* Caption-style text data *
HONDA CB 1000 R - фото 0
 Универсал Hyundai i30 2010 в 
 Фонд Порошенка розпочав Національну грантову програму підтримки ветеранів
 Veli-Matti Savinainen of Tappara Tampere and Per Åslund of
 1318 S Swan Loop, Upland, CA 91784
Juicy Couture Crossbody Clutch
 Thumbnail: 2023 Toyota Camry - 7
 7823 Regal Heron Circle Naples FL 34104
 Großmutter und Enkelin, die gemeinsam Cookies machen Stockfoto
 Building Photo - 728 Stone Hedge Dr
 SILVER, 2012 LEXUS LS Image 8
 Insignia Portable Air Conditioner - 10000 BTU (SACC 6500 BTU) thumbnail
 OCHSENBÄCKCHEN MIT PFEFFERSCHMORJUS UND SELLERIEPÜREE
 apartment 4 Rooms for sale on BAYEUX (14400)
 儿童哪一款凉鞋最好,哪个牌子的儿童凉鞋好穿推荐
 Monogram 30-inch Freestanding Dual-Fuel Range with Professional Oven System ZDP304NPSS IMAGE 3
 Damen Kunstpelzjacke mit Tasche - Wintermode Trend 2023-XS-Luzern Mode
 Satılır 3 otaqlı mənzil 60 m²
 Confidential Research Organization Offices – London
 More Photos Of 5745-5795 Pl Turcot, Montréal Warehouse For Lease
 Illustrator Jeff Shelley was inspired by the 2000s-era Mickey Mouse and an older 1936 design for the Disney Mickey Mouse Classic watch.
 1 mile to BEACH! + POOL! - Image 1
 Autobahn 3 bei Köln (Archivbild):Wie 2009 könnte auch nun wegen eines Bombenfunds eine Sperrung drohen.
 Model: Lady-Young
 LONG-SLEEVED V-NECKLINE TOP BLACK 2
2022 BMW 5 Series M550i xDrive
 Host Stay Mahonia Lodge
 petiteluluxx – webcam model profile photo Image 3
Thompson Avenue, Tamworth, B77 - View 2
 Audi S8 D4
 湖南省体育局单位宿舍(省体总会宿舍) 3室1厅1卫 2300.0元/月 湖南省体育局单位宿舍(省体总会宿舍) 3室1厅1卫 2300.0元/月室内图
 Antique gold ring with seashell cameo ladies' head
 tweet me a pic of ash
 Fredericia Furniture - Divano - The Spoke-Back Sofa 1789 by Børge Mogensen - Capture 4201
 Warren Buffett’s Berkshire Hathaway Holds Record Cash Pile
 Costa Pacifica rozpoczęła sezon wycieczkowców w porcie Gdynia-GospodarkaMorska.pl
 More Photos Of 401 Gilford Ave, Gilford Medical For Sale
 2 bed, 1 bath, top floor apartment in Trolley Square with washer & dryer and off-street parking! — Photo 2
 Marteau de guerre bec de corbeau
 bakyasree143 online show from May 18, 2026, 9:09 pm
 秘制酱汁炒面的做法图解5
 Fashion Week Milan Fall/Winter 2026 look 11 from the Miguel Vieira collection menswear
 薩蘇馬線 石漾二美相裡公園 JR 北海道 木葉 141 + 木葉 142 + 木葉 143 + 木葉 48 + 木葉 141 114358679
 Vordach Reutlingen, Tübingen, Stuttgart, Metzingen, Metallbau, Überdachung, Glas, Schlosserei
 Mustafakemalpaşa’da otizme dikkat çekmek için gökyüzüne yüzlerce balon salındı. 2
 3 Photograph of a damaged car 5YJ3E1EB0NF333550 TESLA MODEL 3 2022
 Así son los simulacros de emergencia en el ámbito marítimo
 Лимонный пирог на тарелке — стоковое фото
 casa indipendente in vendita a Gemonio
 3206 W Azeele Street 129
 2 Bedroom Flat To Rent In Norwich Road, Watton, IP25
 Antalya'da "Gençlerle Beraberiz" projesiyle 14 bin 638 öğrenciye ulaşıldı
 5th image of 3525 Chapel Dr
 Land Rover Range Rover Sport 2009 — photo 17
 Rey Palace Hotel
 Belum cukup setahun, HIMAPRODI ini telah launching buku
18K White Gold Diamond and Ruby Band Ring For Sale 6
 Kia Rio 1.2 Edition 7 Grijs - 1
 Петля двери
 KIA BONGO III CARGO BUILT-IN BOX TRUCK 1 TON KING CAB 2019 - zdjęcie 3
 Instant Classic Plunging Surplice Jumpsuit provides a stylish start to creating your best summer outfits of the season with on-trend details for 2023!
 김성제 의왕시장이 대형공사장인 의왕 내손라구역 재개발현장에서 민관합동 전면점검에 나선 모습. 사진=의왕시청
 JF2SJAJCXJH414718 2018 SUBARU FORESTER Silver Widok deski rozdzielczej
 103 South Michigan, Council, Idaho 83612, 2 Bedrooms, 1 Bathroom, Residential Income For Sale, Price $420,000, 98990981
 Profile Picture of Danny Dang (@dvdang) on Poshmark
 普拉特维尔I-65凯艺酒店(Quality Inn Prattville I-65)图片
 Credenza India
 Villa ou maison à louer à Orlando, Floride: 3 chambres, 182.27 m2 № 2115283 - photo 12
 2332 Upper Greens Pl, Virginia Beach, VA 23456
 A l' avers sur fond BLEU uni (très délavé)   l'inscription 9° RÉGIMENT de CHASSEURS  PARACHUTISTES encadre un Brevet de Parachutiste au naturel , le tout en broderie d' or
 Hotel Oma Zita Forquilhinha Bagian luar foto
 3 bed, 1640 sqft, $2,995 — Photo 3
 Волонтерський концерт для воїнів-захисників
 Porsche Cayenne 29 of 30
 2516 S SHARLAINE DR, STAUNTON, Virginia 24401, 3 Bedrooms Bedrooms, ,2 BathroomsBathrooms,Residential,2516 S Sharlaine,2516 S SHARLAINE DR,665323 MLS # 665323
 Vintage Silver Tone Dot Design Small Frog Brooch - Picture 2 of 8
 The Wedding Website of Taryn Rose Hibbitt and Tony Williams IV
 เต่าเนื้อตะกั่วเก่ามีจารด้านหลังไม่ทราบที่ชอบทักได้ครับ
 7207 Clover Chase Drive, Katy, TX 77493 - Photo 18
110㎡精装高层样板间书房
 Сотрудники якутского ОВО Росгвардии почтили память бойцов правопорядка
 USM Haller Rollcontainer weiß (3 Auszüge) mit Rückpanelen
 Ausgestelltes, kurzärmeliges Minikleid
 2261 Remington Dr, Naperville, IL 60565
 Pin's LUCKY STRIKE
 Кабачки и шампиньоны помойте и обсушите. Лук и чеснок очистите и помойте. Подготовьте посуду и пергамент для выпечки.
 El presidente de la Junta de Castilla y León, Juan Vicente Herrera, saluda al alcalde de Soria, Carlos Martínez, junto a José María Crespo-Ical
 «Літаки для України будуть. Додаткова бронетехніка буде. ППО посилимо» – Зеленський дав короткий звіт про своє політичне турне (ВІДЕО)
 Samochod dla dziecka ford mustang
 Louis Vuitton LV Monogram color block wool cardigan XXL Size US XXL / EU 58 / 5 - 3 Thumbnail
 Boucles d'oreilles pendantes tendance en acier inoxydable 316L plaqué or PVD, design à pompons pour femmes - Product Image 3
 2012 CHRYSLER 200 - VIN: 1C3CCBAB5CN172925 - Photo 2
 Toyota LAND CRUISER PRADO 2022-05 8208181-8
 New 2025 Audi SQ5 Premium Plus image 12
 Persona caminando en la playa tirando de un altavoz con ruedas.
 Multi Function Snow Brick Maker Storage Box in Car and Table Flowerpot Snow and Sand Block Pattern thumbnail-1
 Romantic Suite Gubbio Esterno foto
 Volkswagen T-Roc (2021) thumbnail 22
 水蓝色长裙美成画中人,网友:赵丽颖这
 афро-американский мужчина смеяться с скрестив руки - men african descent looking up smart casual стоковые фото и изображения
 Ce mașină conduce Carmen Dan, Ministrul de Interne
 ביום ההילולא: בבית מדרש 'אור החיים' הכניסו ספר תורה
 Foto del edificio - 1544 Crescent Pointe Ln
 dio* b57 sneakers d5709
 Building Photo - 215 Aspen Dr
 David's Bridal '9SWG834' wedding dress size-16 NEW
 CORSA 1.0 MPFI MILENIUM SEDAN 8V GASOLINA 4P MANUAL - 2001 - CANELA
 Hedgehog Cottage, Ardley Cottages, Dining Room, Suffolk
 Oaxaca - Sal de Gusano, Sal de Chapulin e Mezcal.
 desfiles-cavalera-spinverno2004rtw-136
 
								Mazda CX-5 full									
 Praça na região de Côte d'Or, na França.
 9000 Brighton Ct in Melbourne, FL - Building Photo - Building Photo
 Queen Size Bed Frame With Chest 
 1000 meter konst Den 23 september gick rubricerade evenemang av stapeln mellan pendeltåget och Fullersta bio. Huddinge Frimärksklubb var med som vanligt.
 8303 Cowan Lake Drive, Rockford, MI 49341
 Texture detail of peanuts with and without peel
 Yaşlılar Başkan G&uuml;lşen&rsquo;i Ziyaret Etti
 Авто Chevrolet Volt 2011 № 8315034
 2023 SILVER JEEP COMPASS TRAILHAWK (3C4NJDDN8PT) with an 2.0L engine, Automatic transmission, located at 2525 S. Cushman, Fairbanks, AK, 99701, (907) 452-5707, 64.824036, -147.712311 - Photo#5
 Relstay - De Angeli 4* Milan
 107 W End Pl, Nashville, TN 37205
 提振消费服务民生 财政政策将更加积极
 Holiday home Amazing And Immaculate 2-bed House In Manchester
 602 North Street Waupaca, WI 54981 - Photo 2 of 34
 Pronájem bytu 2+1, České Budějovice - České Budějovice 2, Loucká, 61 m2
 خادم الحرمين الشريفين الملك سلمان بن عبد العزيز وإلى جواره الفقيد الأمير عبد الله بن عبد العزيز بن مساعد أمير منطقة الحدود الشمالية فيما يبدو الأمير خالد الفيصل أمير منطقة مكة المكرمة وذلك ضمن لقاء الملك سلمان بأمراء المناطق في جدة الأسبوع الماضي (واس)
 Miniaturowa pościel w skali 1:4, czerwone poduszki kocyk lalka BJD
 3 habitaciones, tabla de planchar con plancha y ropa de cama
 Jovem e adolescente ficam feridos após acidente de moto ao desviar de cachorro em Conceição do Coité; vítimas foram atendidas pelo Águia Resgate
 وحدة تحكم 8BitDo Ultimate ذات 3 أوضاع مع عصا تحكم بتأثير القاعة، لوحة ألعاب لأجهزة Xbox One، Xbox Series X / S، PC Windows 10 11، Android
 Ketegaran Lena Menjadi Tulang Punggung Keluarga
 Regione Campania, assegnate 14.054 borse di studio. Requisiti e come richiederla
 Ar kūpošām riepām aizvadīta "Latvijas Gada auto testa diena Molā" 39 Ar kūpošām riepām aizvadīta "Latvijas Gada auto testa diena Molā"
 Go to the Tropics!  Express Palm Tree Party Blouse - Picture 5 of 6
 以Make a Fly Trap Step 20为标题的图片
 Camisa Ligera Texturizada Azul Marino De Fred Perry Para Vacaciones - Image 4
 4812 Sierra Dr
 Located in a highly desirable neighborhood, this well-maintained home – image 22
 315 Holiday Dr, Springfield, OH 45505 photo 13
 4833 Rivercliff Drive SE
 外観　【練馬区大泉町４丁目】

* EXERCISE OBJECTIVE *
Would you copy out every line in the records that includes the string "Building"?

* RESPONSE TO THIS EXERCISE *
 Building Photo - 728 Stone Hedge Dr
 Building Photo - 215 Aspen Dr
 9000 Brighton Ct in Melbourne, FL - Building Photo - Building Photo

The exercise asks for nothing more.